Bahrain Mirror (Exclusive): The 2018 parliament has come to an end and become a thing of the past. The former Council only reaped popular discontent, as it approved the taxes the government wanted, agreed to deduct massive amounts from the Future Generations Reserve Fund, and voted in its last chapter on an unfair retirement law. In addition, it voted by a majority to reduce the parliamentary authority in discussing public issues.
Now that this parliament and its meager powers have become the subject of popular criticism on social media and elsewhere, everyone has the right to ask whether this intersection of opinions is an opportunity to find a unified position on the parliamentary process in its current form between the opposition and loyalists? Only the delusions will say yes.
There is no unified stance, as the opposition seems unlikely to re-participate in this game, while the elite loyalists who criticize the Parliament day and night, only see one mistake in the Parliament, that the government has removed us as loyal societies, bet on independents and the result was a total failure and it is time for the authorities to admit their mistake and put us back in the game.
According to the loyalists view, the problem lies in "contracting out", such as contracting out and assigning contracts, i.e. the authorities contracted out the Parliament to independent loyalists rather than loyalist societies.
Al-Menbar Society discussed the parliamentary process in no sense and so did the National Unity Assembly. This is also the speech of some independent aspirants backed by the Ministry of Interior and Intelligence to enter the upcoming elections.
Al-Menbar Society held a seminar in which its leaders spoke and their vision was only to call on the authorities to rely on them again. They think it is their time, while Abdulatif Al-Mahmoud preceded them to express the complaint of the National Unity Assembly against the Parliament's incompatibility due to the large number of independent MPs.
Meanwhile, the opposition clearly sees that the solution is "the choice of reason, wisdom and patriotism is to move to a council that solves people's problems, which is the normal function of parliaments, otherwise, keeping the National Council as it is now in its form and content as a parliamentary council not for the people is without constitutional, legal and political and popular value," according to Al-Wefaq recent statement.
On the other hand, none of the loyalist leaders talk about the council's powers now, the impossibility of legislating a single law without the government's will, and its inability to prevent a single law that the authorities want to pass, and that the MP could only ask ministers a few questions, or that questioning a minister has become something impossible. Loyalists run away from all of these matters and only want one solution: having access to parliamentary seats.
The loyalist elite is simply an opportunistic elite that neither their faces, nor their ways have changed. They only want to restore their old positions.
The last question is, can you expect a boycott from the loyalists? Only naïve people will say yes.

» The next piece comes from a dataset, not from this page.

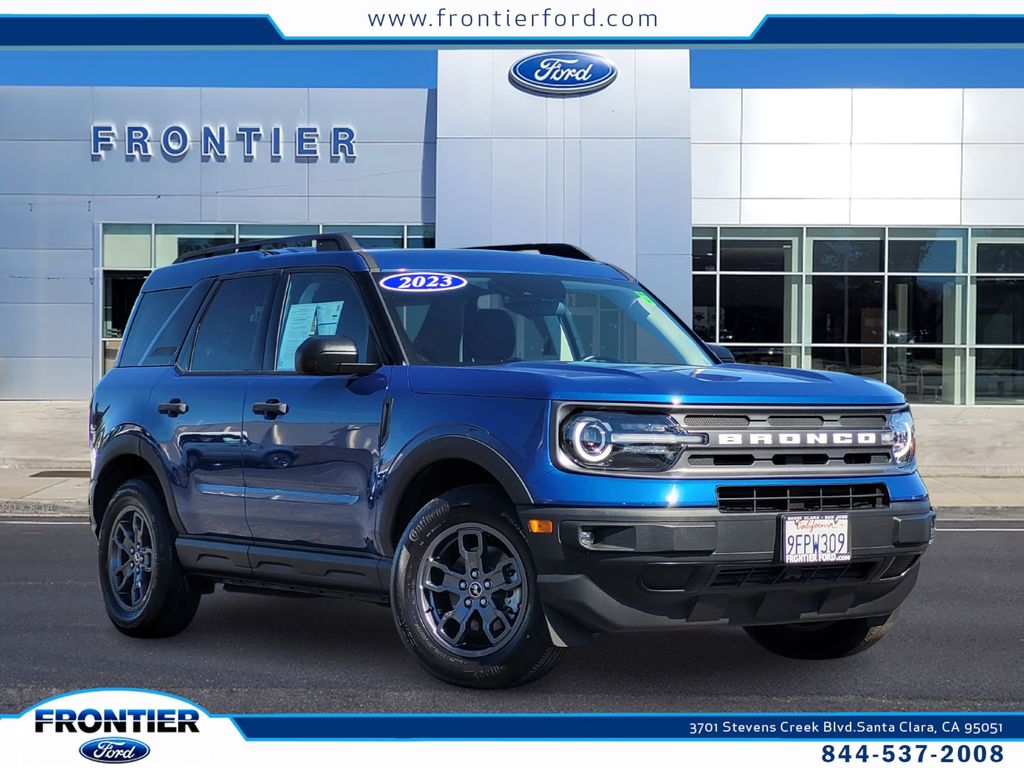2023 Ford Bronco Sport Big Bend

Most of the loyalists are employed in government agencies, army and security services. They are picked for all positions and functions in ministries and government institutions. On election day, each one of them will make sure to take his family members who have the right to vote, with their passports, to vote and make sure that the passports are stamped with the election administration seal.
The loyalty stamp that each loyalist expects his superior to ask; whether he voted in the election or not, will be a stamp on his passport and as evidence to keep him safe of doubts. But later on all of them will return to criticize the parliament in WhatsApp groups and other media outlets.